WHAT NEEDS TO BE DONE:
With the pictures left out, print exactly the lines below that run from the one containing "On the website, you" through the one containing "A variable has".

SUPPLIED RECORDS:

:::::

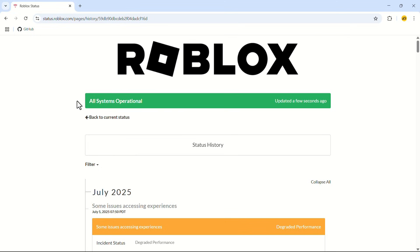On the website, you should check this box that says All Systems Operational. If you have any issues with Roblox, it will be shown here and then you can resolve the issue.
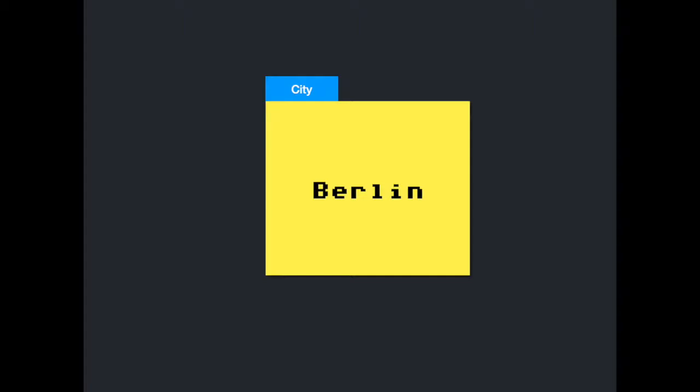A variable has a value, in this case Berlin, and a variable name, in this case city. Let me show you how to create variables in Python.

:::::

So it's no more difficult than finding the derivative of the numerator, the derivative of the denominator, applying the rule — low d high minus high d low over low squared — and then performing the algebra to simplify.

:::::

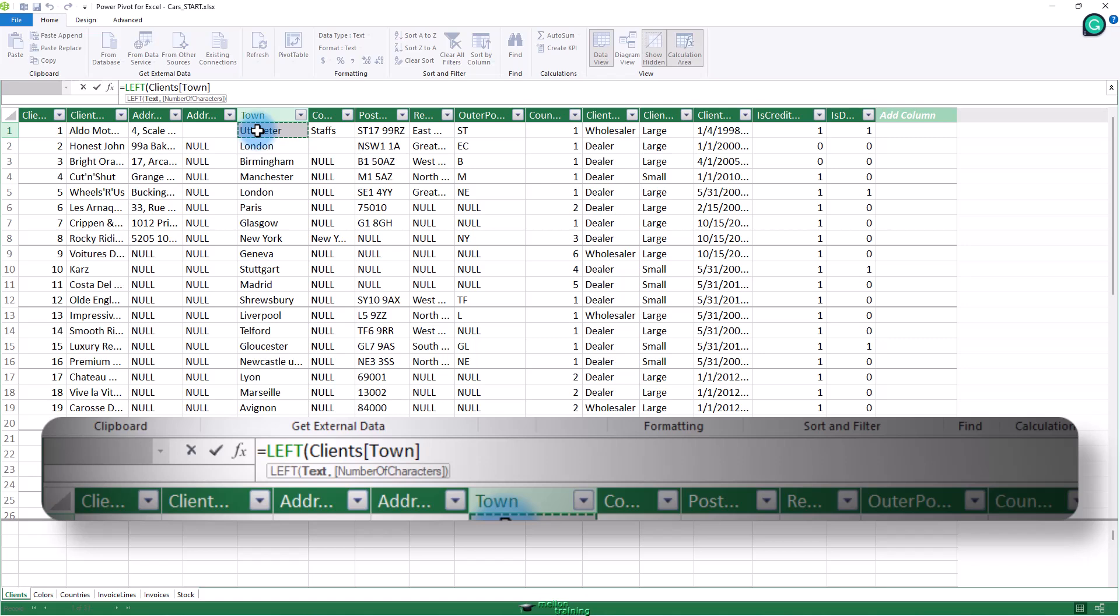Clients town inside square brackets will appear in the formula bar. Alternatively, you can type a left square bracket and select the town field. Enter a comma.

:::::

RESULT:
On the website, you should check this box that says All Systems Operational. If you have any issues with Roblox, it will be shown here and then you can resolve the issue.
A variable has a value, in this case Berlin, and a variable name, in this case city. Let me show you how to create variables in Python.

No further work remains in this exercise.